The code for our ACL 2023 paper An Information Bottleneck Perspective for Effective Noise Filtering on Retrieval-Augmented Generation is provided at this repo. If you have any questions, please reach me at [email protected].
Our approach is not fixated on finding the optimal solution in the initial stages, but rather focuses on gradually approaching the optimal filter model through iterative training. Here we choose the two easiest methods, which can greatly reduce computational costs on the construction of training data
The goal of exact search
is to find the paragraphs or sentences containing the ground answers. Greedy search
is one of the most popular heuristic method by far used in extractive summarization. This algorithm extracts oracle labels with the highest ROUGE scores compared to human-annotated abstracts.
We considered two silver summaries, one that concatenates the query and answer, and the other that focuses solely on the answer itself. The former can cover more information, while the latter focuses more on the answer itself. Specially, the answer in intermediate state, supporting facts, are incorporated for multi-hop questions.

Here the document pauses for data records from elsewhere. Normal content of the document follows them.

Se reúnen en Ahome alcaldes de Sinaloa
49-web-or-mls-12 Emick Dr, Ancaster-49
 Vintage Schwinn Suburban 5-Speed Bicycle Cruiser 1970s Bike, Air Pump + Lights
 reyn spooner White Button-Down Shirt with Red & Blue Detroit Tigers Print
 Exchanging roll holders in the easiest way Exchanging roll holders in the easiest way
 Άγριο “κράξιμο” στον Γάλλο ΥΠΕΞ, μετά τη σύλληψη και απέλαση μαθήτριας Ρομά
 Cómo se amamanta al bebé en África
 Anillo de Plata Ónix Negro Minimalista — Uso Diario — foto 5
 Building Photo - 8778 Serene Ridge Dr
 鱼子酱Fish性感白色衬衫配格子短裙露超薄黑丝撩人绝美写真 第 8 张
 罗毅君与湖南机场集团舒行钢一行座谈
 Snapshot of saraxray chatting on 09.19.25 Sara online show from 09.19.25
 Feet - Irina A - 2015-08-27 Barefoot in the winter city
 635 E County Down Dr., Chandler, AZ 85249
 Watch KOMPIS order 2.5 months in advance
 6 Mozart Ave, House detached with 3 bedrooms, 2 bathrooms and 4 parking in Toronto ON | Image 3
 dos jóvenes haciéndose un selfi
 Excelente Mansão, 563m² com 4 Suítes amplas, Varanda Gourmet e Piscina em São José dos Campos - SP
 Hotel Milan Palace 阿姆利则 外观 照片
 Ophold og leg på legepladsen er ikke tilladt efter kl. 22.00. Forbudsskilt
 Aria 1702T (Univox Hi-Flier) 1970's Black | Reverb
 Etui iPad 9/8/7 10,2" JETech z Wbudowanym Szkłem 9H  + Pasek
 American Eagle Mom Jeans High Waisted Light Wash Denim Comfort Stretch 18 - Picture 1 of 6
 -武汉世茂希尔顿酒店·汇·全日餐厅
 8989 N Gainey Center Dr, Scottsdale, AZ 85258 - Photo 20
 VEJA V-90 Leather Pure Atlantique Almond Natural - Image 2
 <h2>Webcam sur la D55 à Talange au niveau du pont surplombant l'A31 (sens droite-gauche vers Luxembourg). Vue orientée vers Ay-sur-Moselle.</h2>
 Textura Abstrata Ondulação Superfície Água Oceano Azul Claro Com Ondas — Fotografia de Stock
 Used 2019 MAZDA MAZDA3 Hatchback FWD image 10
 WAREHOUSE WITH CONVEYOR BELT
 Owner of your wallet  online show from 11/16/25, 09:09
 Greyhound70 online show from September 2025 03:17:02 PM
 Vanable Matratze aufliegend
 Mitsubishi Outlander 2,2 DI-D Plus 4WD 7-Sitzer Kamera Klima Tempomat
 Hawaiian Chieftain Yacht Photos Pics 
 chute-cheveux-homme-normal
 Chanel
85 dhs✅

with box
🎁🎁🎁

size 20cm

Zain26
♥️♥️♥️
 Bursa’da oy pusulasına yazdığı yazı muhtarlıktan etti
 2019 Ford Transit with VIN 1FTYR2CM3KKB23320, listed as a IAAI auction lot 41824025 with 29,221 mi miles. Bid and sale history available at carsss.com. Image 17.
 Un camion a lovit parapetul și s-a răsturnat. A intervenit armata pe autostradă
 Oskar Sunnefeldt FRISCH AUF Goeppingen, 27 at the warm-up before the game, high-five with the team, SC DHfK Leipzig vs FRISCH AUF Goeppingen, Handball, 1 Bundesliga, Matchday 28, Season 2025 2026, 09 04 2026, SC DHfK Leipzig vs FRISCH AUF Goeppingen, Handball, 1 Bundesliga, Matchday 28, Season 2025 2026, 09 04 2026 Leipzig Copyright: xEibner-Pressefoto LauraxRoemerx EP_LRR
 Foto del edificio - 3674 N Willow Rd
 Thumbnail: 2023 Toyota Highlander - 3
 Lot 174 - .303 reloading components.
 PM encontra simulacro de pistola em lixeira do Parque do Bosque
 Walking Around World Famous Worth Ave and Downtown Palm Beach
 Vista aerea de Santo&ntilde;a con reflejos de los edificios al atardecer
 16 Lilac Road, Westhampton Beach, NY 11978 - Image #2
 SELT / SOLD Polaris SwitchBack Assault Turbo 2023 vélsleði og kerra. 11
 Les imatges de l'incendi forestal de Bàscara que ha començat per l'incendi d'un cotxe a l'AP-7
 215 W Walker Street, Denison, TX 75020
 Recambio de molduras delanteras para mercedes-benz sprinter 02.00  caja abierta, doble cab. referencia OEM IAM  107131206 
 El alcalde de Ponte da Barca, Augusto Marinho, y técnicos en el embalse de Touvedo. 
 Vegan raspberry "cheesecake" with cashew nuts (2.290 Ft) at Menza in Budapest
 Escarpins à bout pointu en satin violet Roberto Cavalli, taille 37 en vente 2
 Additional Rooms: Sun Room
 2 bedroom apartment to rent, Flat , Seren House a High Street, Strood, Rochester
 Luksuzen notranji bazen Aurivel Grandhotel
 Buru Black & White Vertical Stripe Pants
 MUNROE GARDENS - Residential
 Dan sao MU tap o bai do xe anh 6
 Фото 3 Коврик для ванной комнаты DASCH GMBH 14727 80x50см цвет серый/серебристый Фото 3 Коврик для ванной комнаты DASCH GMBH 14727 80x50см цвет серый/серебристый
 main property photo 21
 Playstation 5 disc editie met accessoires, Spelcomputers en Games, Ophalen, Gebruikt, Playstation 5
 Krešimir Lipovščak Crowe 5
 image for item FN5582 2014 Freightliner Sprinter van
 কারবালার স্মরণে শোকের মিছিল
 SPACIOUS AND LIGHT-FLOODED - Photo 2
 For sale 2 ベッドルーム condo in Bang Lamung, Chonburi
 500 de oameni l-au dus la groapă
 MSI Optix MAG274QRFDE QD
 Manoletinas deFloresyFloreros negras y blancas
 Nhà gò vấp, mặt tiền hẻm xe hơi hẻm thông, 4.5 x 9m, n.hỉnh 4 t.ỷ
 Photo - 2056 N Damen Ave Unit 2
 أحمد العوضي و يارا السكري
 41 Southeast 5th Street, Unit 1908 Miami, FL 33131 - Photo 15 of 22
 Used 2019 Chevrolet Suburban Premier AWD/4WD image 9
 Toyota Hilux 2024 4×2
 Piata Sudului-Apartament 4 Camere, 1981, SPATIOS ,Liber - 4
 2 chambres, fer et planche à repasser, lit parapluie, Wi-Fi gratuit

for oracle_mode in exact exact_para greedy_ans greedy
do
python pre_cands.py \
--oracle_mode ${oracle_mode} \
--source_path ./data/source/${dataset_name}.jsonl \
--compressed_path ./data/compressed/${oracle_mode}/${dataset_name}.jsonl
done
dataset_name=nq_dev
batch_size=2
max_example=5
python cal_ib.py \
--source_path ./data/source/ \
--compressed_path ./data/compressed/ \
--save_path ./data/combine/ \
--data_name ${dataset_name}.jsonl \
--save_name ${dataset_name}_loss.jsonl \
--model_path ./models/llama2_13b_chat_hf \
--batch_size ${batch_size} \
--max_example ${max_example}